[Captioned web image data]

----------

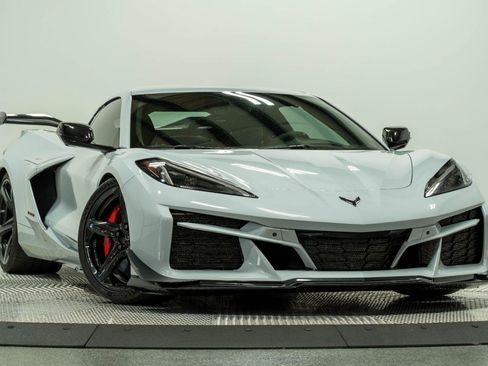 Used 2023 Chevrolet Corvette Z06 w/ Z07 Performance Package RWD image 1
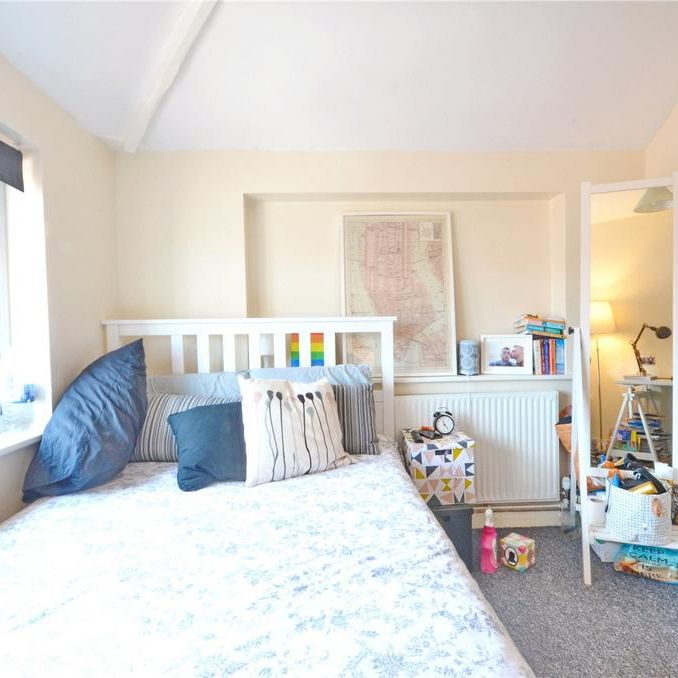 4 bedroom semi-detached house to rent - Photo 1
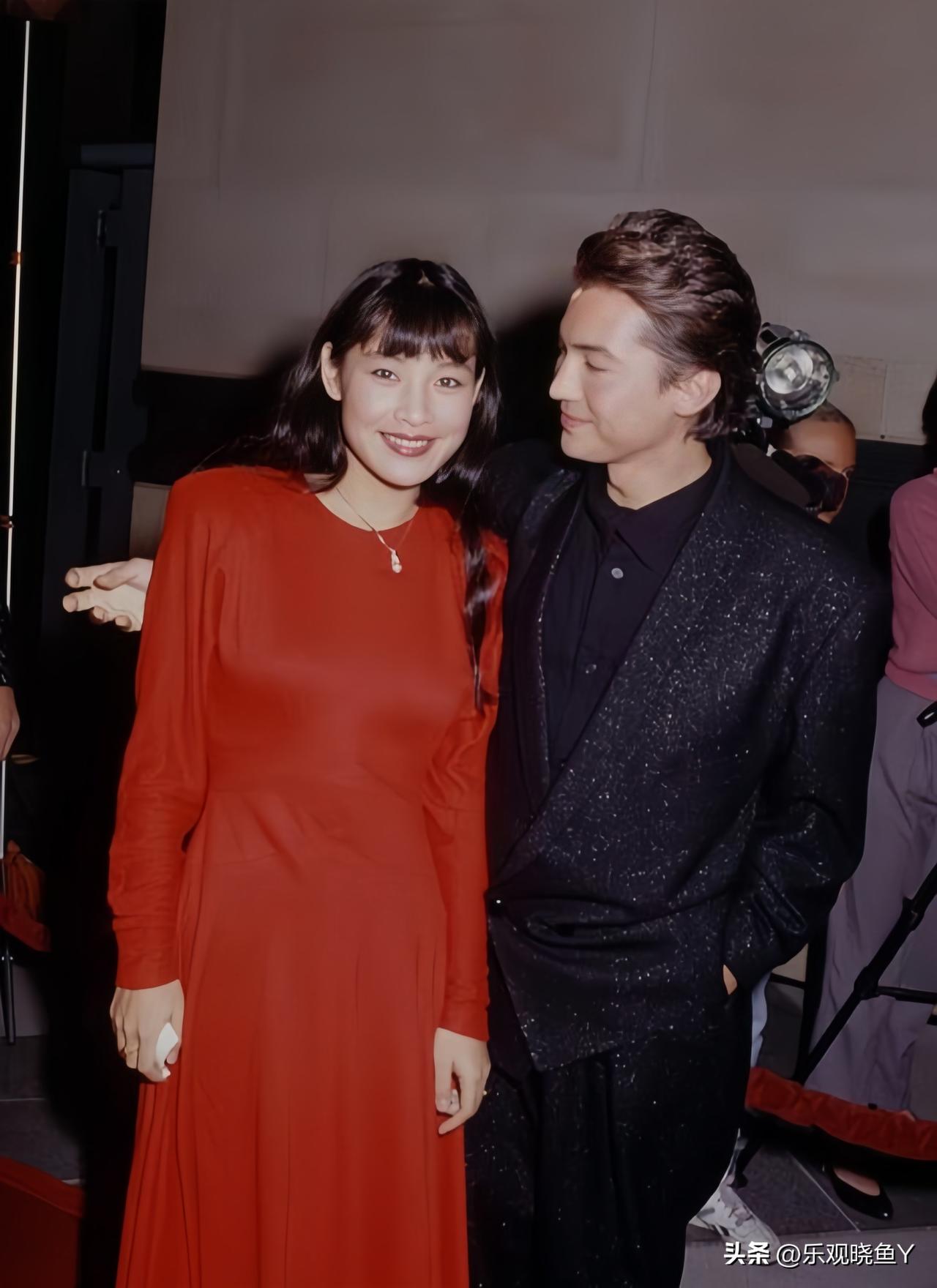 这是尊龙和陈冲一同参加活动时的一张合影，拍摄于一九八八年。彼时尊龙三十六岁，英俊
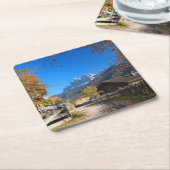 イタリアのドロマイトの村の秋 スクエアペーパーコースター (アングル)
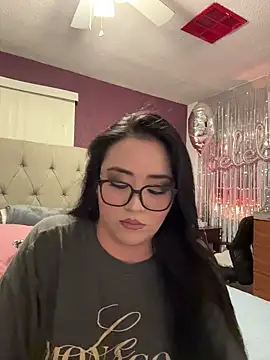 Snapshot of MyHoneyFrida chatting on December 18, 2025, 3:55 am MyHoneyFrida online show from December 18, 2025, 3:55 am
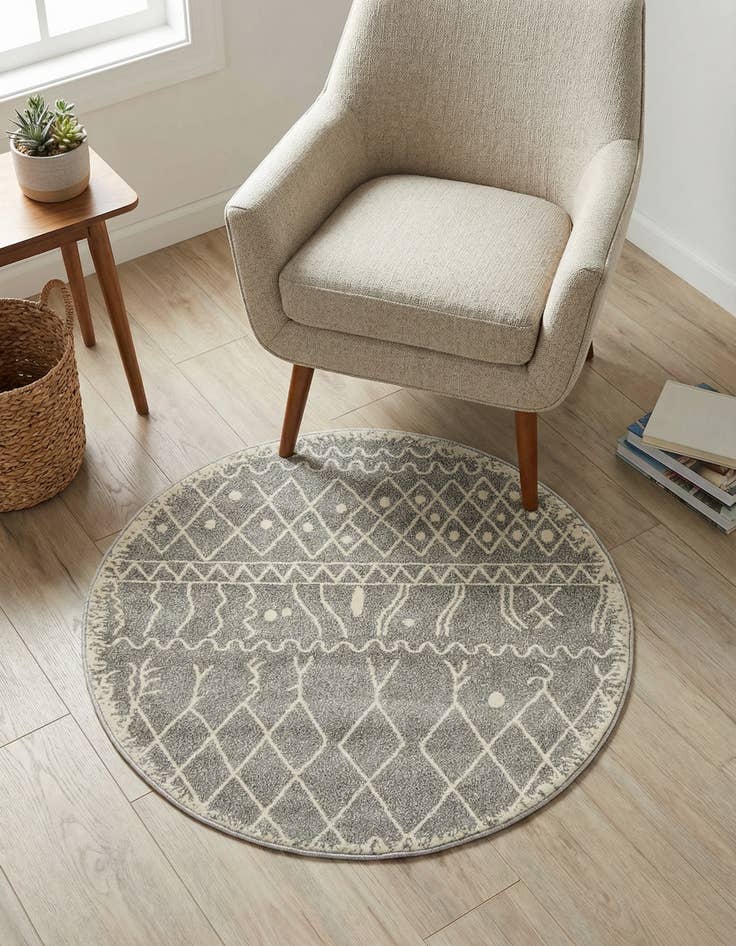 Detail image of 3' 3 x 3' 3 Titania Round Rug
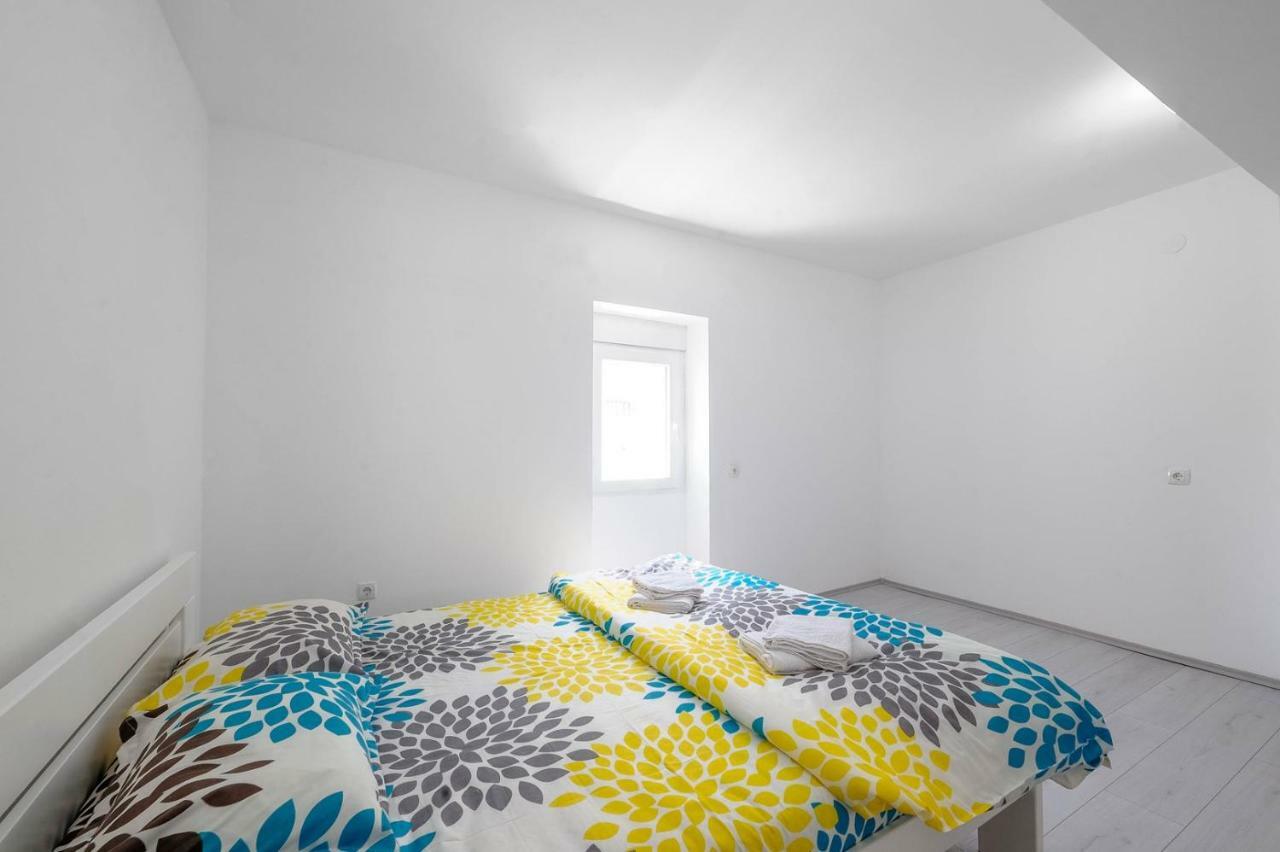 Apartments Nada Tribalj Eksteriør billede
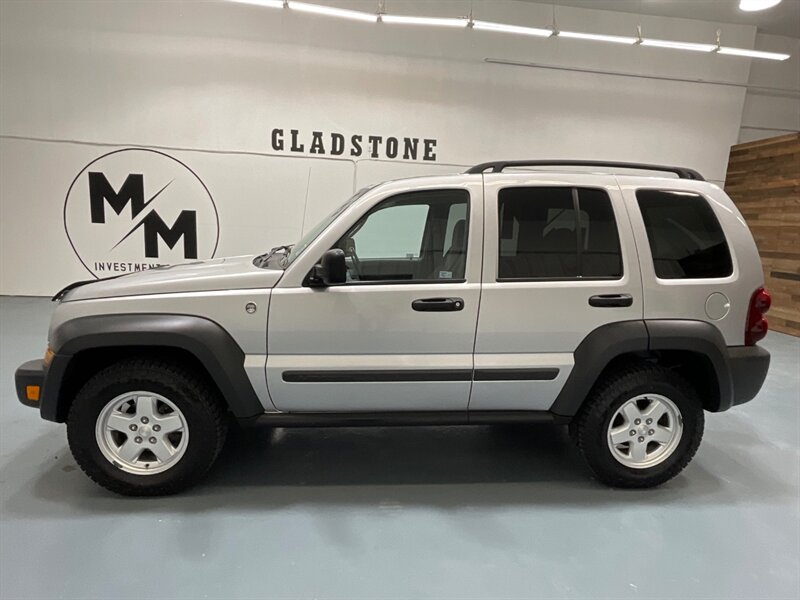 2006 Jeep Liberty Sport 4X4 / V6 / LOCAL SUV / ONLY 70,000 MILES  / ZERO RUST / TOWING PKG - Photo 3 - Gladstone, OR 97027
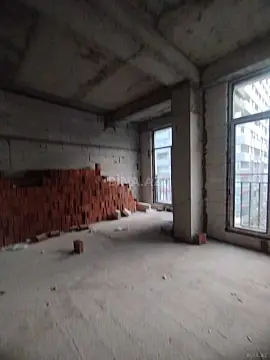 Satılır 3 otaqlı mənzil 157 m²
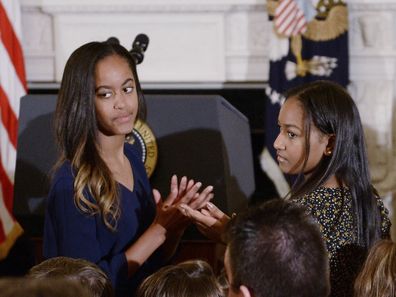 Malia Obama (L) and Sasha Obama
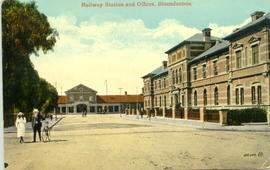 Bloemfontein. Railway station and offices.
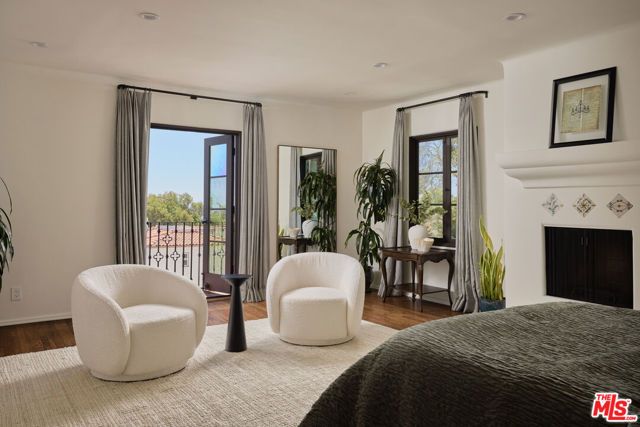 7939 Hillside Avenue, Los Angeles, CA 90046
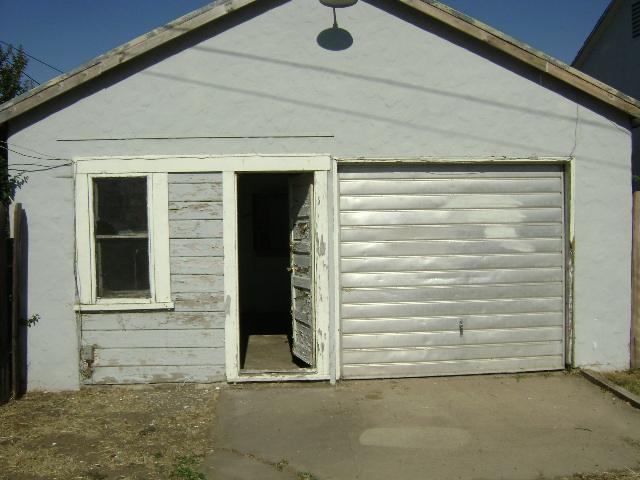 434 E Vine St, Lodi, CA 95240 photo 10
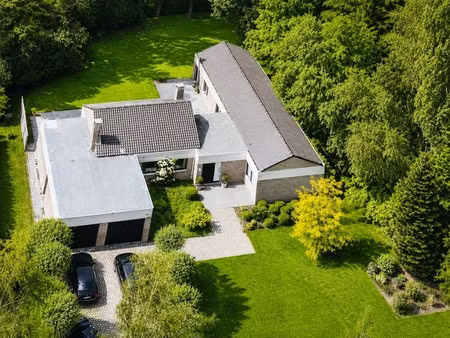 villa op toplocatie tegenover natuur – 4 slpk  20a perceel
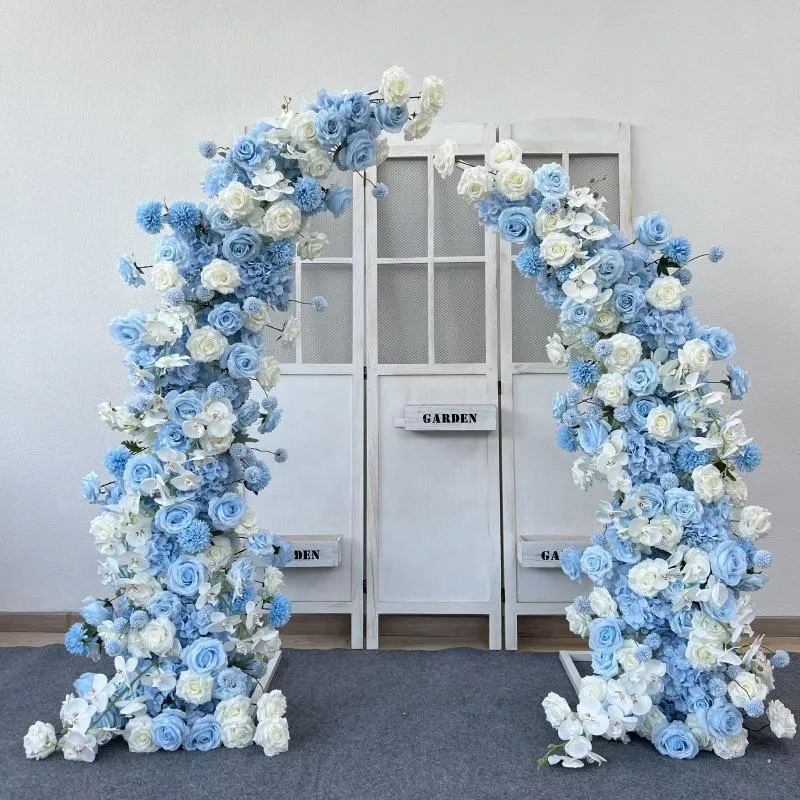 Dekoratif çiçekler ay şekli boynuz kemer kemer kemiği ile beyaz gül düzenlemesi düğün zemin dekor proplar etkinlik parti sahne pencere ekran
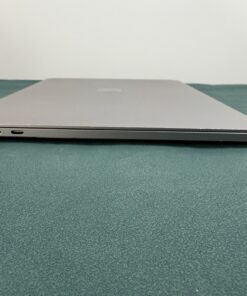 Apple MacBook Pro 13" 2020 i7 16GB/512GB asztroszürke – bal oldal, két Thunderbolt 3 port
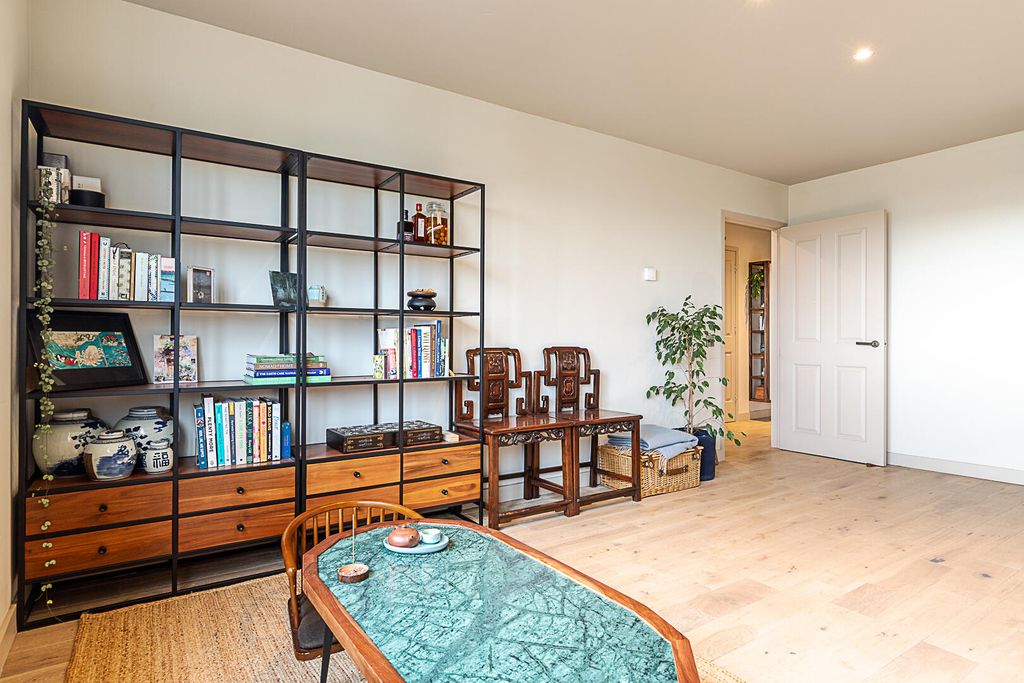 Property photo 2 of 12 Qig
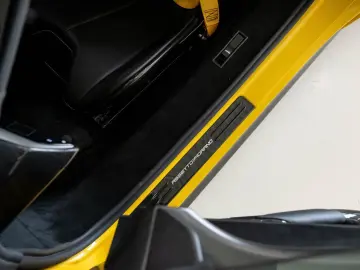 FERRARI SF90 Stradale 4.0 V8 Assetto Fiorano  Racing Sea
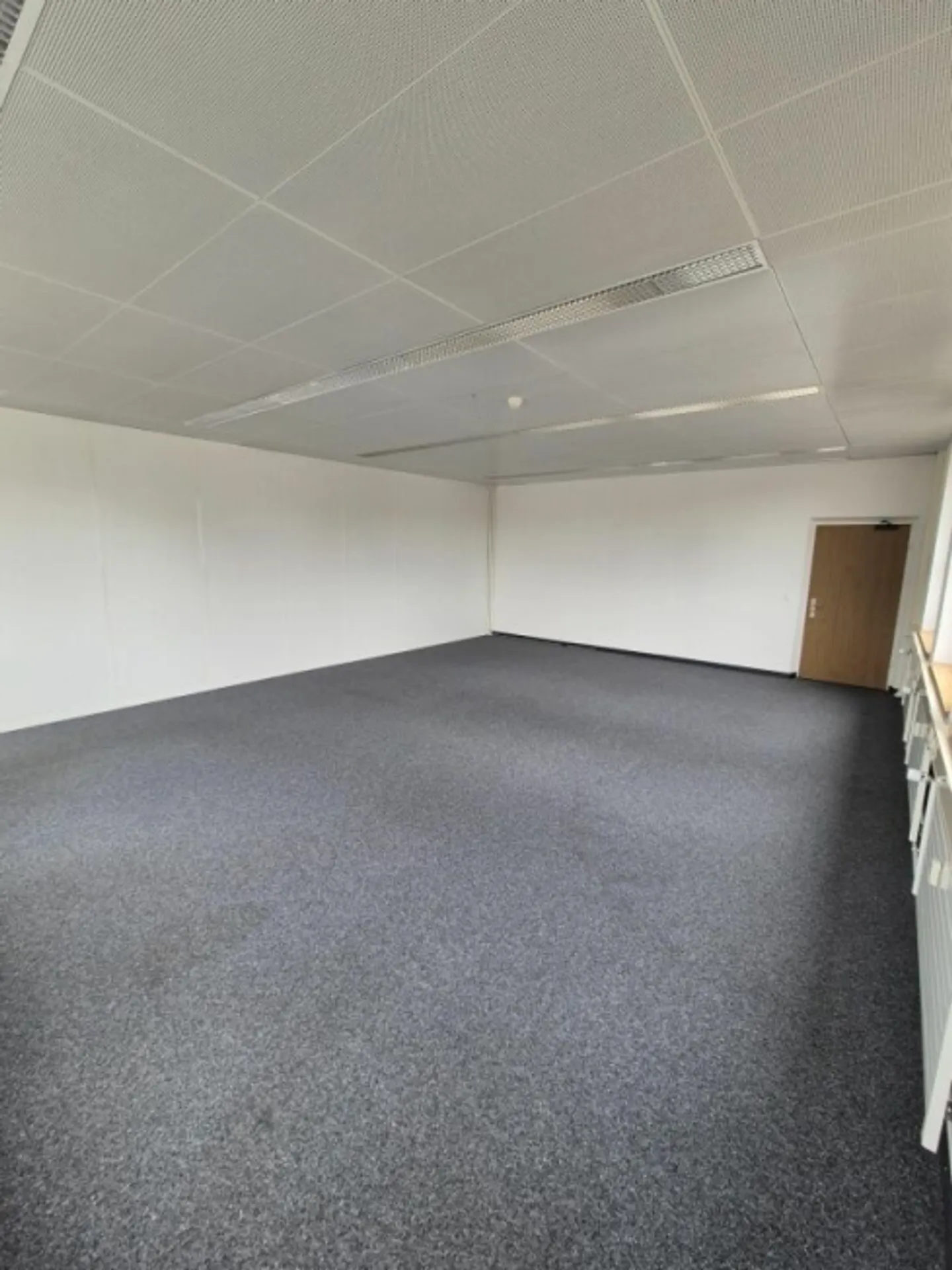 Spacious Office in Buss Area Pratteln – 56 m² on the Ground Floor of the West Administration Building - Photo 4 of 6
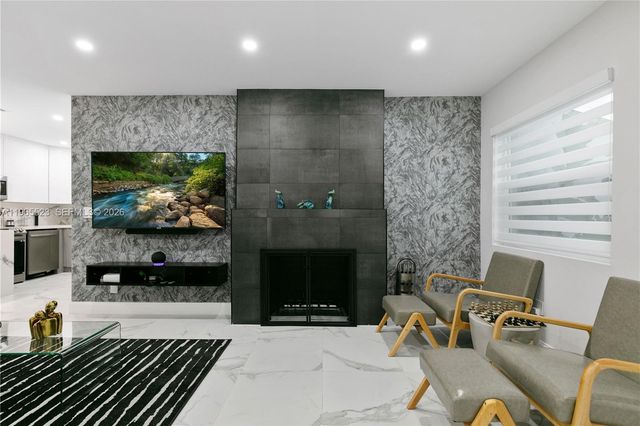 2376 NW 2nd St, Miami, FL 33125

----------

## Problem details
Return the data word for word without its pictures.

## Answer space
 Used 2023 Chevrolet Corvette Z06 w/ Z07 Performance Package RWD image 1
 4 bedroom semi-detached house to rent - Photo 1
 这是尊龙和陈冲一同参加活动时的一张合影，拍摄于一九八八年。彼时尊龙三十六岁，英俊
 イタリアのドロマイトの村の秋 スクエアペーパーコースター (アングル)
 Snapshot of MyHoneyFrida chatting on December 18, 2025, 3:55 am MyHoneyFrida online show from December 18, 2025, 3:55 am
 Detail image of 3' 3 x 3' 3 Titania Round Rug
 Apartments Nada Tribalj Eksteriør billede
 2006 Jeep Liberty Sport 4X4 / V6 / LOCAL SUV / ONLY 70,000 MILES  / ZERO RUST / TOWING PKG - Photo 3 - Gladstone, OR 97027
 Satılır 3 otaqlı mənzil 157 m²
 Malia Obama (L) and Sasha Obama
 Bloemfontein. Railway station and offices.
 7939 Hillside Avenue, Los Angeles, CA 90046
 434 E Vine St, Lodi, CA 95240 photo 10
 villa op toplocatie tegenover natuur – 4 slpk  20a perceel
 Dekoratif çiçekler ay şekli boynuz kemer kemer kemiği ile beyaz gül düzenlemesi düğün zemin dekor proplar etkinlik parti sahne pencere ekran
 Apple MacBook Pro 13" 2020 i7 16GB/512GB asztroszürke – bal oldal, két Thunderbolt 3 port
 Property photo 2 of 12 Qig
 FERRARI SF90 Stradale 4.0 V8 Assetto Fiorano  Racing Sea
 Spacious Office in Buss Area Pratteln – 56 m² on the Ground Floor of the West Administration Building - Photo 4 of 6
 2376 NW 2nd St, Miami, FL 33125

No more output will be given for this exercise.